C’est un colosse qui se dressait face aux coureurs, ce jeudi, sur le Tour d’Italie. Le Passo dello Stelvio, col légendaire s’il en est, était censé conduire à des bouleversements au classement général. C’est bien ce qu’il s’est produit avec la prise de pouvoir de Wilco Kelderman, quand son coéquipier Jai Hindley remportait l’étape. Mais cet obstacle d’envergure était aussi le dernier vrai rempart pour les sprinteurs avant une dix-neuvième étape taillée pour eux. Bien entouré par ses coéquipiers, Arnaud Démare a bouclé cette étape vertigineuse dans le temps imparti, et pourrait prétendre à un nouveau succès vendredi.
Peut-être la plus belle de ce Giro 2020, la dix-huitième étape était également l’une des plus craintes de par l’ascension du Passo dello Stelvio, Cima Coppi (point culminant) de l’épreuve, avant l’arrivée au sommet des Lacs de Cancano. La difficulté du parcours était une chose, les potentielles complications météorologiques en étaient toutefois une autre. « Heureusement, on a abordé cette étape dans de bonnes conditions climatiques, racontait Sébastien Joly. On pouvait légitimement craindre le pire à cette époque de l’année. On aurait pu imaginer une journée dantesque avec de la pluie, du froid, voire de la neige. Le point positif, c’est qu’il faisait relativement beau. Il faisait tout de même 4°C degré au sommet du Stelvio, mais on partait malgré tout du bon pied de ce point de vue ». La course, elle, s’est immédiatement enflammée avec de nombreuses attaques dans le premier col, dès le kilomètre 0, pour former l’échappée du jour. Celle-ci ne s’est toutefois dessinée que quarante kilomètres plus tard, et il ne restait logiquement plus grand monde dans le peloton maillot rose.

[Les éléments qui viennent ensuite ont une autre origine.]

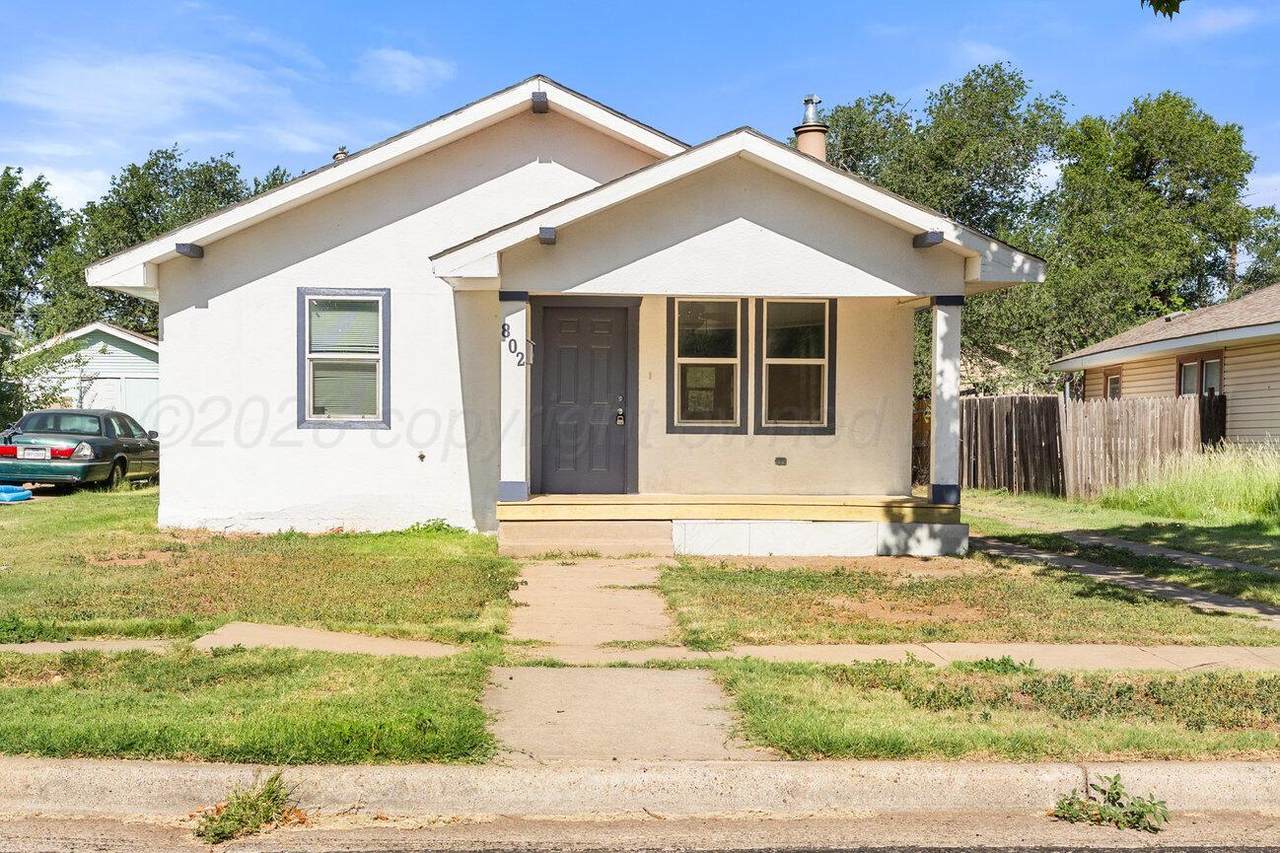 802 Tennessee Street - Photo 1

« À circonstances exceptionnelles, mesures exceptionnelles », Sébastien Joly
« Au vu du gros rythme imposé d’entrée, les gars ont lâché prise dès la première bosse, détaillait Sébastien. À partir de là, il ne fallait pas s’affoler. On s’y était préparés. Après le premier col, ils ont d’ailleurs rattrapé un autre groupe. Ensuite, ils ont géré comme ils en ont l’habitude, souvent en prenant la main pour faire le rythme. Nous avions de nouveau donné carte blanche à Kilian aujourd’hui, mais comme il s’est retrouvé en queue de groupe après ses efforts de la veille, on lui a donc demandé de se relever pour qu’il puisse donner un coup de main au groupe autour d’Arnaud. Ce qu’il a très bien fait ». Dès lors, alors que la bataille entre les cadors du général s’initiait à l’avant, le gruppetto optait pour son plan d’attaque habituel : les ascensions en gestion, les descentes et les vallées à vive allure. Particularité du jour, néanmoins, le maillot cyclamen et son groupe ont fait une courte halte durant l’ascension du Stelvio. « On savait qu’il ferait froid au sommet, alors on s’était organisés, poursuivait Sébastien. À circonstances exceptionnelles, mesures exceptionnelles. On avait planifié de s’arrêter à trois kilomètres du sommet pour pouvoir s’habiller rapidement au sein du gruppetto. Les gars ont pu enfiler des jambières, des vestes, des imperméables, des caches-cou et cela leur a permis d’aborder la descente du Stelvio dans de bonnes conditions ».
Passé avec environ quarante minutes de retard au sommet par rapport au trio de tête, le gruppetto a finalement franchi la ligne 50 minutes après le vainqueur de l’étape Jai Hindley. « Les six ont rallié l’arrivée ensemble, concluait Sébastien. C’était une nouvelle journée de gestion, mais ça ne veut pas dire qu’ils la font en dedans, simplement qu’ils la gèrent à leur main, pour ne pas exploser. Peu importe la journée du lendemain, l’objectif reste à chaque fois le même, à savoir terminer dans les délais. C’est ce qu’ils ont bien fait aujourd’hui encore ». Arnaud Démare sera donc bel et bien au départ de la dix-neuvième étape vendredi, qui pourrait se conclure par un sprint. Néanmoins, avec environ 260 kilomètres à parcourir et après quasiment trois semaines de course, l’emballage massif est loin d’être assuré.